Suspension questions

Joined
28 July 2004
Messages
123
Location
Cedarburg, WI
OK, I am taking the chance of getting flamed here, but I gotta know. Can someone explain the difference between springs, shocks and coilovers?

My guess is that springs and shocks are seperate entities, in other words, I could buy new springs but not new shocks, and new shocks, but not new springs. Such as buying Eibach Pro springs and using my factory shocks, correct?

Or, I could buy Bilstein shocks and keep my factory springs. The confusion for me is where coilovers come into play. I am guessing that coilovers are both the spring and shock in one unit, is this correct?

If all of the above is correct, what is the advantage of either of the setups? Coilovers seem to cost more, but I could be wrong.

I am trying to figure this out because my 95 has what I presume to be the original shocks and springs and because the car is 10 years old and has 63k miles on it, I think it may be time to get new stuff.

Can anyone recommend a good setup for someone who is NOT going to track the car, and wants a tighter ride but don't want to wreck my kidneys?

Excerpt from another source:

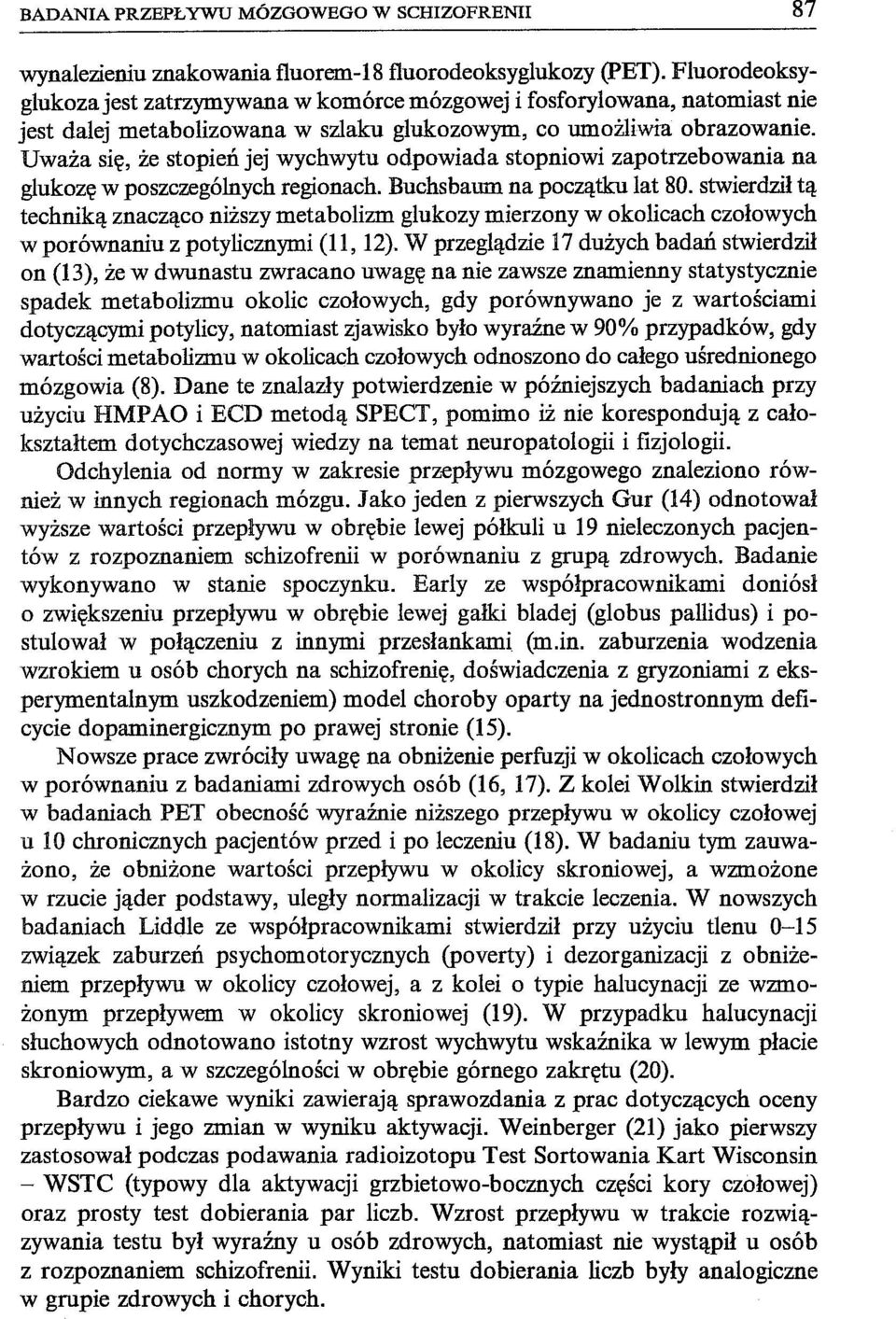 Uważa się, że stopień jej wychwytu odpowiada stopniowi zapotrzebowania na glukozę w poszczególnych regionach. Buchsbaum na początku lat 80.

Sorry for being a novice, but I could use some help.
 
There's nothing wrong with asking questions to improve your understanding.
The terms are somewhat intuitive - the "spring" is literally that - a coil wound steel spring; shox are Shock absorbers - these control the compression & rebound damping of the natural motion of a spring to want to oscillate (without damping, think of how your car would just bounce up & down repeatedly every time it went over a bump). A shock is normally a tube with a piston inside - think of a bicycle pump, very similar in design.
Actually, all applicable suspensions for the NSX are "coilover"; what is really meant by that is that the spiring is a coil type mounted over (or concentrically) the shock. However in common speak, a coilover is usually a combined matched kit of spring & shock & typically is multi-way adjustable. Coil-overs also are typically height adjustable with that ability via a threaded tube design that allows the length to be different, without changing the spring pre-load compression on the perch.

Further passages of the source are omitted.